Which ones are you having trouble with?
I just got 人口 wrong. I also get 人数 wrong, since 人 has two readings and 数 sometimes has rendaku. I think almost never get 求人 right. Looking at the vocabulary list, it seems completely random.
For words that don’t belong to the rules mentioned, it basically is random. It’s based on when the word was borrowed from Chinese. にん is older and じん is newer.
With these four, maybe it helps to think of which kanji gets the dakuten. Since all ofthe words only have dakuten on one of the kanji.
人口: since 口 never gets dakuten, it has to be じんこう
人工: since 工 never gets dakuten, it has to be じんこう
求人: since 求 never gets dakuten, it has to be きゅうじん
人数: just gotta remember that 数 gets dakuten in this one, so 人 doesn’t にんずう
Does anyone have any good mnemonics for this kanji?
I suggest moving up from mnemonic for kanji to making mnemonic for the entire word, as readings are too random.
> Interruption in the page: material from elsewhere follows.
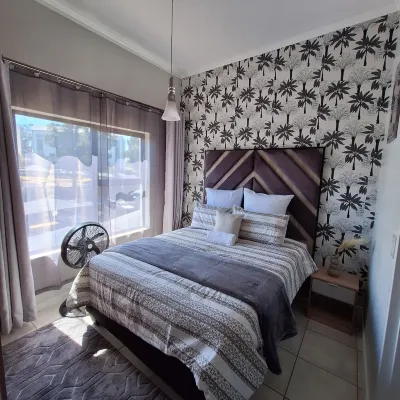Elegant lifestyle gateawayCozy and stylish Apartment in Lifestyle Estate! Hotels near Bokkie Park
(Personally, I remember them as a lot look like names after transliteration to Russian - e.g. 他人 in Russian transliteration is Танин, “Tanya’s ”, 役人 - Якунин is just a name, 人気 - Нинки - several Ninas)
There isn’t really a rule of thumb. In my experience, I’ve found over time I just “know” what it’s likely to be. Like the reading just feels right. Hard to describe, really.
Relatable i mess up on the 人口 too (burn review)
This has been the been the biggest secondary benefit of using Wanikani for a few years. The correct “feeling” for the pronunciations gets into your brain. There are still a few exceptions, but generally it works, and I know there’s something to it because I can predict new pronunciations pretty well, other than the seemingly-random on-kun combos.
After listening to this, you’ll never forget the reading again. https://www.youtube.com/watch?v=ow6Q0zRa4Xw
Thanks. I’d rather never get the reading right again, but that is no longer an option.
I forgot to mention side effects might include never hearing vanilla the same way again.
Oh well, it did its job.
I personally use “ninjas” and “genies” as mnemonics for words outside nationalities/counters. For 求人 for example I pictured a wish granting coffeeshop that’s looking for new genie employees. For 病人 I pictured ninjas that had food poisoning at a ninja get-together and fell sick. So long as I make a tiny story involving the meaning of the word, it sticks.
What do you mean? There are loads of words like 出口 and 窓口.
I was talking about on’yomi in these cases. こう is never ごう for 口
It’s easy!
Words with じん refer to the BTS member Jin.
And words with にん refer to German singer Nina Hagen.
That’s disturbing enough to work…
I’m having the same problem, with the same kanji… I started making my own mnemonics. I use Jim Carrey for じん and Ninja にん
悪人: I imagine an evil ninja
老人: I imagine an elderly Jim Carrey
But I think these might work better (and I’m shocked I hand’t thought of using SeokJIN, considering I stan BTS).
As others have mentioned, there is no good basis on how to remember which reading and you will have to “brute force” it. In my experience, many of the confusing and exceptional words are much easier to remember when I’ve hear it enough in media and conversations. So in order to help brute forcing it, supplement your WK studies with other kinds of topics.
Edit: oops, I didn’t mean to make this a response to @milila directly.